The 1920s were a complex period for Conti. He explored Mannerism, Exoticism, Pittura Metafisica, and great historical and religious painting, covering a vast area that can be compared with his keen interest in the theatrical and literary world of Luigi Pirandello, Massimo Bontempelli and Enrico Pea, which led him to found the Viareggio Prize in 1929.

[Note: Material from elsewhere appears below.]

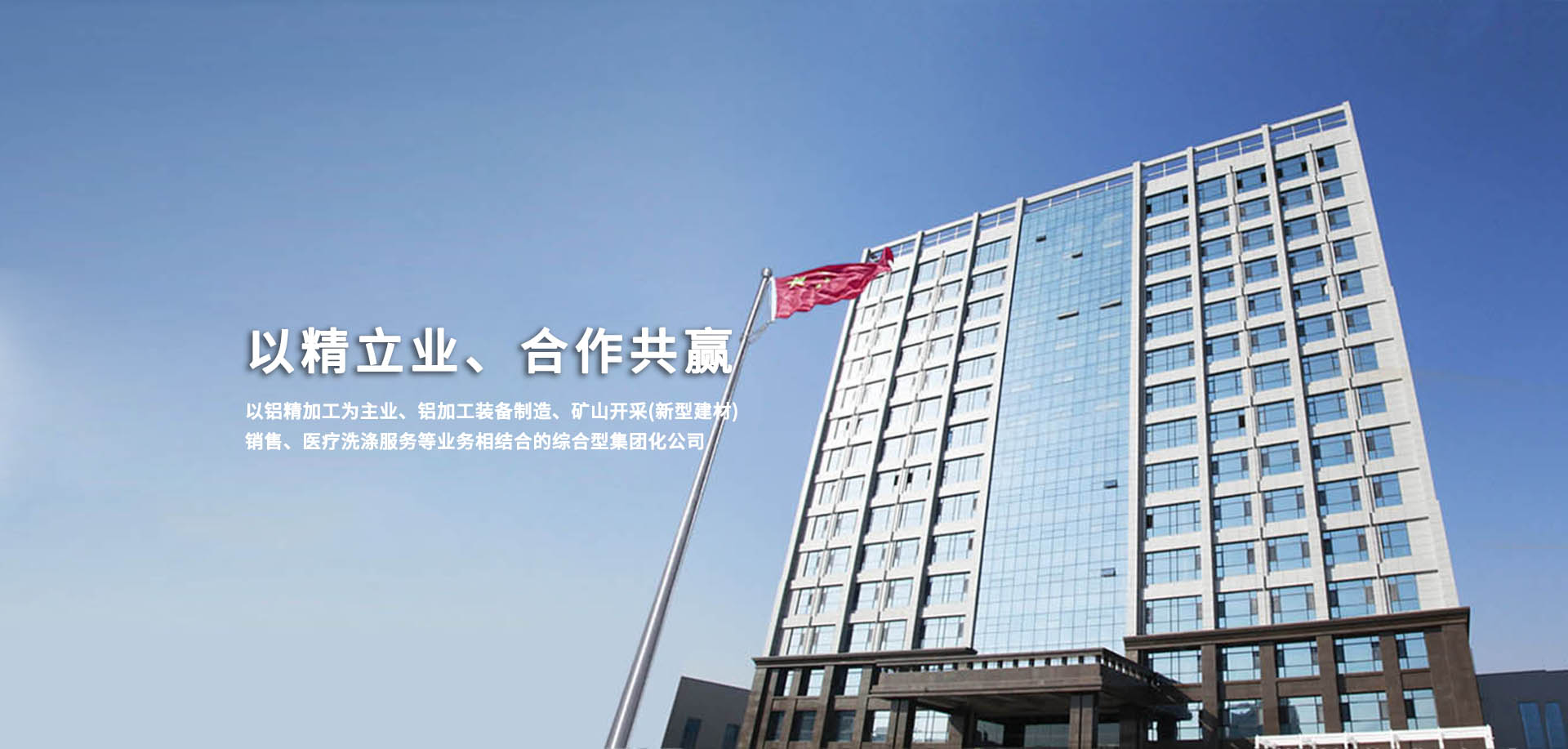 河南金濤實業集團有限公司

The 1930s brought a series of alternating events that created problems in his private life and led to his celebrative paintings. The decade also saw his enforced adhesion to Fascism (joining the Partito Nazionale Fascista), and his inner rebellion against it which transpired from his refusal to join Margherita Sarfatti's Novecento Italiano group and from other episodes when he stepped out of line. New prospects were only opened up to him when he became involved in designing stage sets for the opera house with the foundation of the Maggio Musicale Fiorentino.

By the 1940s, long before the official rediscovery (20 years later) of the Futurist movement, Conti was again working on Futurist subjects and experiments. From 1948 to 1963 he followed the rules of the Order of the Franciscans, though he still continued to paint.

Many of his works are housed in the Museo Primo Conti (Primo Conti Foundation Museum ) in the Villa le Coste at Fiesole (near Florence).